Hack or Breach: What is Really Happening with Your Health Information

Did you know that the U.S. Department of Health and Human Services’ Office for Civil Rights has a wall of shame? Well, it’s not officially called that, it’s actually known as a breach portal.


This is where entities covered by HIPAA are displayed when they experience a healthcare data breach that affects more than 500 people.

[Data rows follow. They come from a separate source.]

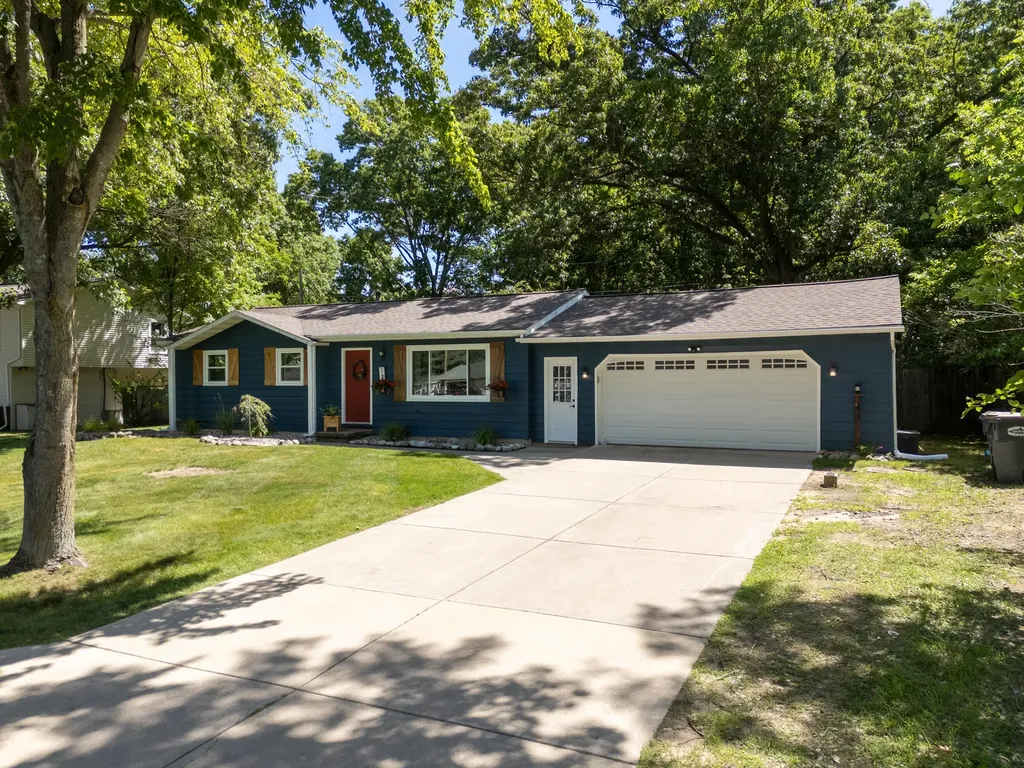 57385 Hamilton Street Mattawan Village MI 49071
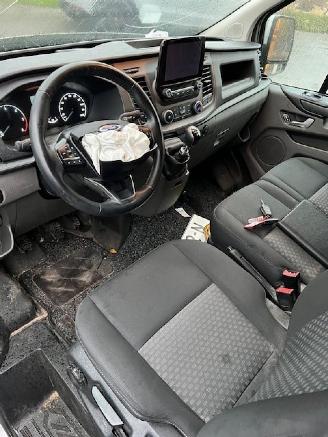 Ford Transit Custom 300 2.0 TDCI L2 H1 picture 12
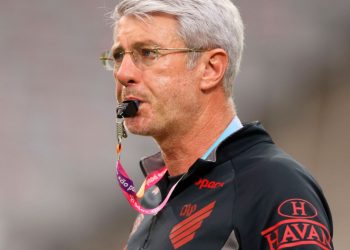 Jogador contestado no Athletico pode ter nova chance contra o Palmeiras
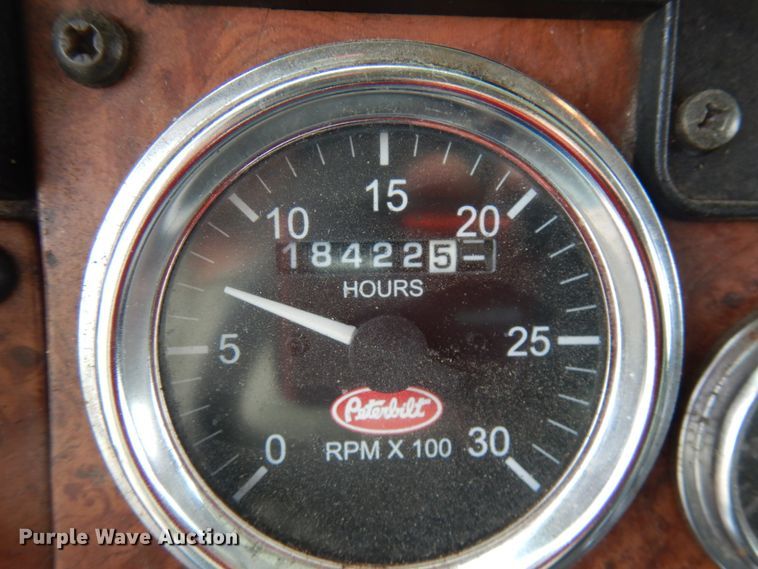 image for item IT9435 2006 Peterbilt 335  box truck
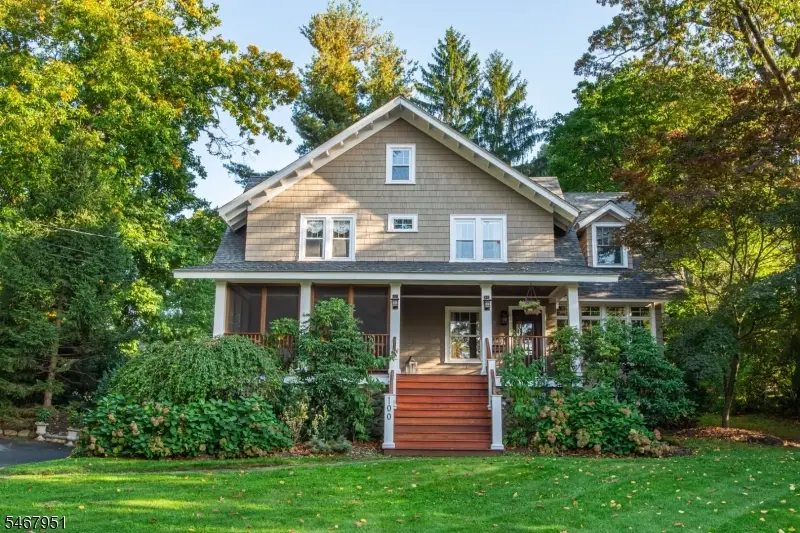 100 Lake Dr, Mountain Lakes, NJ 07046 - #1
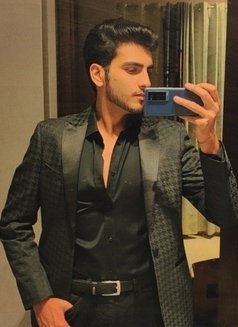 Srijan - Male escort in Gurgaon Photo 2 of 3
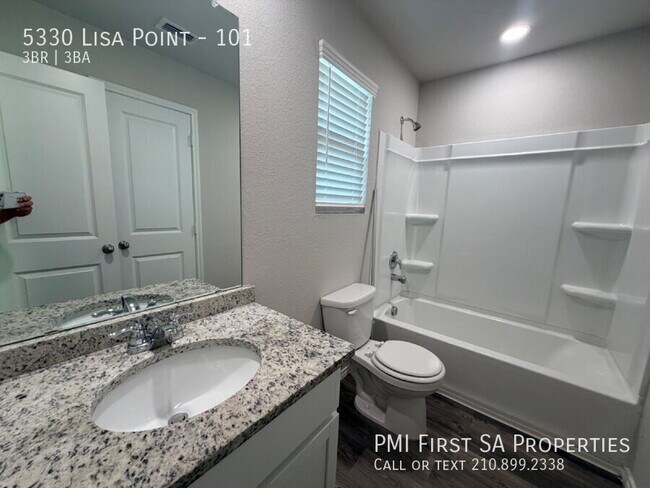 Building Photo - 5330 Lisa Pt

In 2018, there were quite a few companies that found themselves on the wall of shame. For starters, there was the California Department of Developmental Services. They experienced a theft incident that affected 582,174 patients. Following them was MSK Group in Tennessee which experienced an IT incident affecting 566,236 patients. And we can’t forget about UnityPoint Health in Des Moines, Iowa. Their IT incident affected 1,421,107 patients. The list goes on and on… and the number of people affected continues to rise.


The Cost of a Data Breach


As you can imagine, the effects of these breaches are devastating for patients and extremely costly for companies. Healthcare looses more money because of data breaches than any other sector! While healthcare is incredibly complex, the reasons for these issues are sometimes simple. Far too often, user experience – whether it’s the experience of the patient or the worker who has access to the data – is neglected. Researchers from Johns Hopkins University and Michigan State University recently completed a study on hospital data breaches in the United States which backs up this claim. Their findings, published in JAMA Internal Medicine, shed light on this growing porblem. Almost 1,800 large data breaches in personal health information (PHI) occurred from 2009 to 2017 and affected over 164 million patients. Even more incredible was that 33 hospitals experienced more than one major breach. But the most disturbing part of all (as if it could get any worse): More than half of the PHI that was leaked occurred not because of hackers… but because of internal issues! If there was ever an example of a human factors fail, this is it.


Root Cause


Speaking at a press conference about the results of the study, John (Xuefeng) Jiang, lead author and associate professor of accounting and information systems at MSU’s Eli Broad College of Business had this to say:


One quarter of all the cases were caused by unauthorized access or disclosure – more than twice the amount that were caused by external hackers. This could be an employee taking PHI home or forwarding to a personal account or device, accessing data without authorization, or even through email mistakes, like sending to the wrong recipients, copying instead of blind copying or sharing unencrypted content.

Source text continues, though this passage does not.